Disclaimer: I'm the author of the article.

kawsper · on Feb 14, 2018

I guess they can use Traefik to distribute the certificates, so instead of having each node request their own set of certificates, he can instead request them once and distribute the certificate to all the other nodes, and keep themselves under the limit set by LetsEncrypt.

forcer · on Feb 14, 2018

Author mentions why not use Cloudflare that CDN cache is purged often. If you want to verify if it happens for your content. You can try this tool - http://cloudperf.speedchecker.xyz/cloudflare-tester.html

Side effect of this tool as you might have guessed is that using it will actually prolong the time your content stays in their cache.

kardos · on Feb 14, 2018

So one could setup an automated crawler thatbruns frequently to keep everything in cache?
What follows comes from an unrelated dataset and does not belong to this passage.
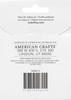 3 Pack American Crafts Color Pour Non-Latex Gloves 8/Pkg349615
janoszen · on Feb 14, 2018

Yes, but you would need a crawler that does so in every region, or at least know the IPs of the edge nodes on that CDN. You would probably also hit some rate limit / DDoS protection with the CDN itself.

dzolvd · on Feb 14, 2018

https://github.com/apache/incubator-trafficcontrol is an open source cache control layer (working with ATS) that has features for header rewrites, ssl, and custom urls (among others). It is built for video but can be used to cache any content. Probably a bit heavy for your use case infrastructure wise though.

janoszen · on Feb 14, 2018

Interesting, although I specifically wanted to build a push CDN (where I can push the content) rather than a pull CDN (that works with an origin) to avoid the added latency with cache misses.

dzolvd · on Feb 14, 2018

Makes sense, I am enjoying looking through the source as we are moving to an ansible and hopefully dockerized deployment model.

janoszen · on Feb 14, 2018

Of course it's dockerized, it has to be cool, right? :)

Ansible is running docker-compose up -d on deployment an Traefik is doing the magic. I want to extend it to host multiple sites in the future. (Btw. Ansible ran from a central location is painfully slow because of the large latency to the edge nodes.)

The content itself is deployed using rsync, Ansible was just too painfully slow for that.

dx034 · on Feb 14, 2018

> Second, BGP routes are not that stable. While DNS requests only require a single packet to be sent in both directions, HTTP (web) requests require establishing a connection to download the content. If the route changes, the HTTP connection is broken.

I thought Cloudflare uses Anycast to avoid targeted DDOS? How do they handle changing routes during HTTP requests?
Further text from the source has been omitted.